A Viola da Terra não é um instrumento insularmente confinado. Os emigrantes levaram este cordofone nas suas bagagens para o Brasil, EUA e Canadá. Assim a pintou Domingos Rebelo à espera de embarque, no cais velho de Ponta Delgada. No plano das emoções e afectos, foi alvo das mais patológicas ciumeiras. Entendamo-nos: solteiros namoradores e e sisudos casados tratavam a sua viola com mais carinhos do que os prodigalizados às respectivas mulheres. Além de não ser "chata", a viola podia ser encordoada, afinada, limpa, puxada, ponteada, passeada às costas nos bailes, folias e romarias, deitada na cama de casal com as cordas para baixo (à falta de estojo). As incontáveis quadras feitas à viola de arame exprimem um amor constante, fiel e incorruptível, com o qual nenhuma mulher poderia concorrer. Deitar a viola na cama era supina afronta aos olhos de muitas casadas. Ali estava a rival que a qualquer momento poderia suscitar um convite para o tocador se deslocar a mais um baile onde também estariam bonitas mulheres. Da boca de uma, residente numa aldeola da Ilha do Pico, já entrada na casa dos 70, ouvi esta iracunda deixa em 2003: "Espere um boadinho que o Manuel foi cortar o cabelo. Ele tem a viola na cama. Quando morrer há-de levá-la com ele no caixão!"

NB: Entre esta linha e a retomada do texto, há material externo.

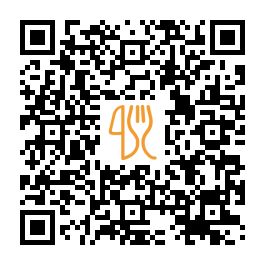 Carte QR de Toccammia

Pena é que se tenham tirado apenas 150 exemplares de uma obra que pode ser tomada como exemplo de trabalho de iniciação de alunos noutras escolas, e da qual deveriam ficar depositadas amostras em conservatórios, escolas superiores de educação e espaços culturais ligados à emigração americana.
Uma palavra de felicitação ao autor pela sua aposta na salvaguarda e divulgação deste cordofone tradicional português.